Welcome to the ICESCAPE Blog!

 

From:  Haley Smith Kingsland, Stanford University Earth systems master’s student specializing in environmental communication

 

 

 

ICESCAPE is a multi-year project sponsored by NASA to determine the impact of climate change upon the health of the Arctic Ocean. Many of you are probably familiar with the story of the polar bears’ loss of habitat due to earlier, longer melt seasons and declining sea ice. But decreasing sea ice is expected to affect more than charismatic marine mammals. How will tiny organisms such as sea ice algae respond to the changing Arctic climate? How will global warming impact the Arctic’s food web dynamics and carbon cycle? How will new atmospheric interactions between molecules, aerosols, and clouds affect chlorophyll concentration?

 

ICESCAPE’s interdisciplinary research approach integrates satellite remote sensing, numerical ecosystem modeling, and NASA’s first dedicated oceanographic research cruise. ICESCAPE’s two field campaigns will occur during spring/summer 2010 and summer/fall 2011.

 

On June 15, the USCGC Healy (photo above) will depart Dutch Harbor, Alaska, for its passage north through the Bering Strait to the Chukchi and Beaufort Seas. Along the way, forty-three members of the science team will sample 50-100 stations and even disembark for extended periods to work on the sea ice. They’ll study everything from the Arctic Ocean’s optical properties to phytoplankton physiology.

 

The 420-foot-long icebreaker Healy can plow through 4.5 feet of sea ice continuously. Manned by an 85-person Coast Guard crew, the ship is equipped with six science labs, a polar library, and two HH-65 helicopter hangars. At the end of the first expedition on July 21, the Healy will steam back into port in Seward, Alaska. Coupled with satellite data and numerical models, the Healy’s field observations will allow scientists to make connections between the atmosphere, ocean, and sea ice in order to broaden our understanding of Arctic Ocean ecosystems.

 

According to ICESCAPE’s chief scientist Kevin Arrigo, “NASA has assembled an excellent team of researchers for ICESCAPE and I am very excited to be part of this unique opportunity to learn more about the changes taking place in this fascinating but vastly understudied environment.”

 

On this blog we’ll post regular updates from the science teams, and you’ll hear from a wide range of people involved in ICESCAPE. We hope you’ll enjoy the voyage with us!

 

Learn more at both the ICESCAPE and Healy websites.

 

(Photo credit: U.S. Coast Guard photo by Petty Officer Patrick Kelley)

 

12 thoughts on “Welcome to the ICESCAPE Blog!”
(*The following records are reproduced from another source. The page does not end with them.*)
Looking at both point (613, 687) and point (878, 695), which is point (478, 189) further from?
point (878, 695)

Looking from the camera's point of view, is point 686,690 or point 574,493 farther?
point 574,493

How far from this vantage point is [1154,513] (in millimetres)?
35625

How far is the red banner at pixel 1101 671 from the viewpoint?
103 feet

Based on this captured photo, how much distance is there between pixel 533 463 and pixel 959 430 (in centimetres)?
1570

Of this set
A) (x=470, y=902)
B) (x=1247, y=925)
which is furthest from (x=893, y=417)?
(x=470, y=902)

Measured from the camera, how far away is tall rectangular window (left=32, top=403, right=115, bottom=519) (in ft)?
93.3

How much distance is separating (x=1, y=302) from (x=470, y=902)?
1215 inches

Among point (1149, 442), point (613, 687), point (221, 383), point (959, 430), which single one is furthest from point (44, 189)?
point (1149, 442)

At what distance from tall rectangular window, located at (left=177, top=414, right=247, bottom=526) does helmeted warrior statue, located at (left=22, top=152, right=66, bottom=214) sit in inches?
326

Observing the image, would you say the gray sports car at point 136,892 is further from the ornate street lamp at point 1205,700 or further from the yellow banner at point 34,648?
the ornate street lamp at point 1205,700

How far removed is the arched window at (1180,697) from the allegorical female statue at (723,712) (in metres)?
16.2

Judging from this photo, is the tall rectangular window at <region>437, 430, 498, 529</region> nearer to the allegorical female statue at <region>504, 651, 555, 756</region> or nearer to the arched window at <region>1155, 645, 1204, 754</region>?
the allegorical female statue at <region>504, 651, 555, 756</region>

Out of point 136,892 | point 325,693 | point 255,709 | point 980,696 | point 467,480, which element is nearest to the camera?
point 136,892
  1. Awesome!! my pre-teen boys love to see this kinda stuff on tv. Hope to watch some of the activities as you report. What a great scientific adventure!!

  2. hello !!!
    July 15 is my birthday & I <3 science !!! I'll follow the blog !!!
    nice trip;

  3. I always associates ice zone with the sensation of loneliness, not abandone, just peace, the state of glaciar, the state!
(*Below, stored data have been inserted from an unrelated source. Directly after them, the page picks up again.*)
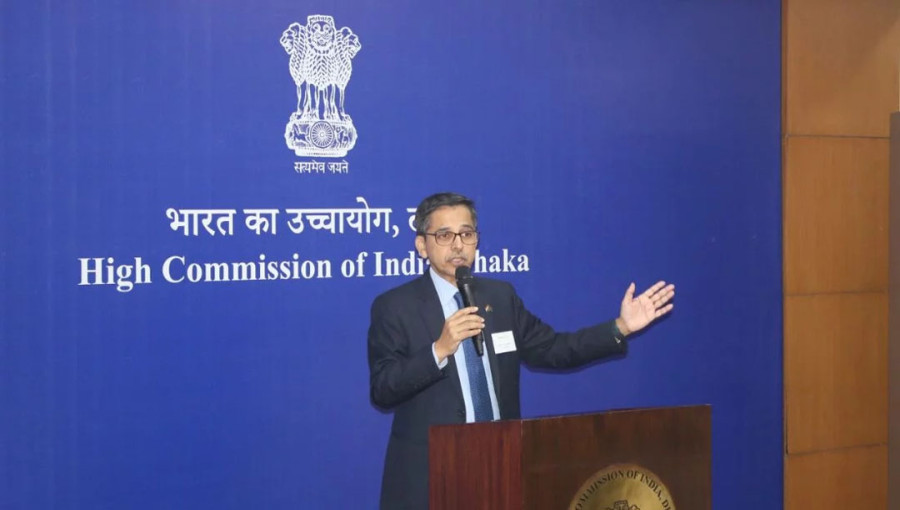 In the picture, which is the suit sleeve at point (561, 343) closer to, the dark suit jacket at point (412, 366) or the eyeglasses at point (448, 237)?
the dark suit jacket at point (412, 366)

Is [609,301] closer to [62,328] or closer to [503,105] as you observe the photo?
[503,105]

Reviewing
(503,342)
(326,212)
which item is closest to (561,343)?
(503,342)

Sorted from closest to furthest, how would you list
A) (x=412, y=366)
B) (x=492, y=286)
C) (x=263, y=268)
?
(x=412, y=366) → (x=492, y=286) → (x=263, y=268)

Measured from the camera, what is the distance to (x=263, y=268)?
3.52 metres

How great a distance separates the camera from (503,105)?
3.88m

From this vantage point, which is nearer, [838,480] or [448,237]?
[448,237]

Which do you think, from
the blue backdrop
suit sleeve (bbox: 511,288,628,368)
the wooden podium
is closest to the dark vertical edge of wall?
the blue backdrop

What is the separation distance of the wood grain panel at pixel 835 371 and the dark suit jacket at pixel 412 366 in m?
2.03

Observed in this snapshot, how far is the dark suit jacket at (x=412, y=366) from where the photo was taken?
8.42 feet

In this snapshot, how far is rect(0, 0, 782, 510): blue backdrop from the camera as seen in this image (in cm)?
322

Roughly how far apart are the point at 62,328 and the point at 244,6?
4.48 feet

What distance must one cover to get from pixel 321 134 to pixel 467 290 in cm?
134

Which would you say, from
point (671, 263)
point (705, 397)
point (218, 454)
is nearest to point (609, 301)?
point (671, 263)

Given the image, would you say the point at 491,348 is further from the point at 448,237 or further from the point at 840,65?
the point at 840,65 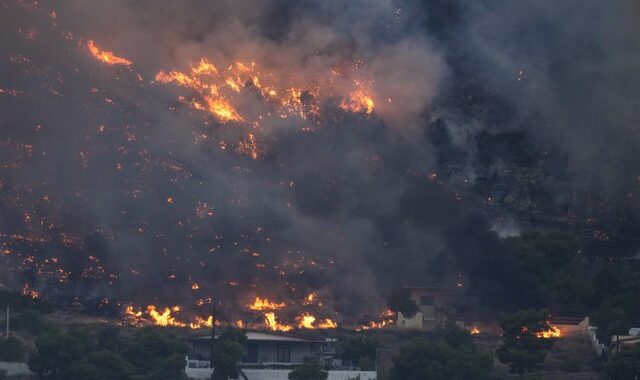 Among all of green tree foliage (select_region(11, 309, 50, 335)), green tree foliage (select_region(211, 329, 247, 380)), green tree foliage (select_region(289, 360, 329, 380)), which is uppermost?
green tree foliage (select_region(11, 309, 50, 335))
    For me Artic was a piece, a total piece until we put a foot on it.

    The boats the ships break the silence, the Polar sea is Polar.

    I believe Polar doesn’t like boats, likes homo sapiens sapiens.

    Oxygen is communication???

  4. ICESCAPE — You can sign up for the RSS feed on the blog to be notified when we post new entries.

  5. Aloha, and good luck. It is a very exciting endeavor that you are on. I will enjoy following your journey. The USCGC Healy looks like a fine ship. Sincerely, Kirk

  6. Is a research plan or proposal available for public review? If so, can someone tell me where I might find it? It would be interesting to see what experiments are being planned and be able to follow the progress to help understand what is going on in the Arctic.

  7. I will definitely follow this blog as I would love to see how the reports are being developed. There is so much happening up in the Arctic!

  8. The research you are doing could not be more important!!

    The rate of methane and other gases etc. coming up is critical to know.

    I have a hard time getting people in Iowa to grasp the reality of what is going on. Could you make me a friend on Facebook and post a message to my friends and myself? That would be great if you would. Then post your link so we can follow what you are doing and direct people to your blog.

  9. I just say don’t worry, if melts the Artic, more water. And pure???

    You don’t have to go to the moon or to Titan, because we have enough.

    It is supposed that of course this water is cold enough to preserve the temperature.

    But as the sun is not like before. No problem.

    There is balance still.

    The problem is not only the sun, it is the problem with people who emits an exageration. It is not scientific to pronouce aloud this problem, not for the reason of the lack of information.

    It’s due to the cause of misunderstood. Because it could happen other supernova or big bang, and we preocupated by this symptomatic absurd thing.

    I understand!

    The important thing is balance between people, why? Because it is the consequence, where? quantically!!!!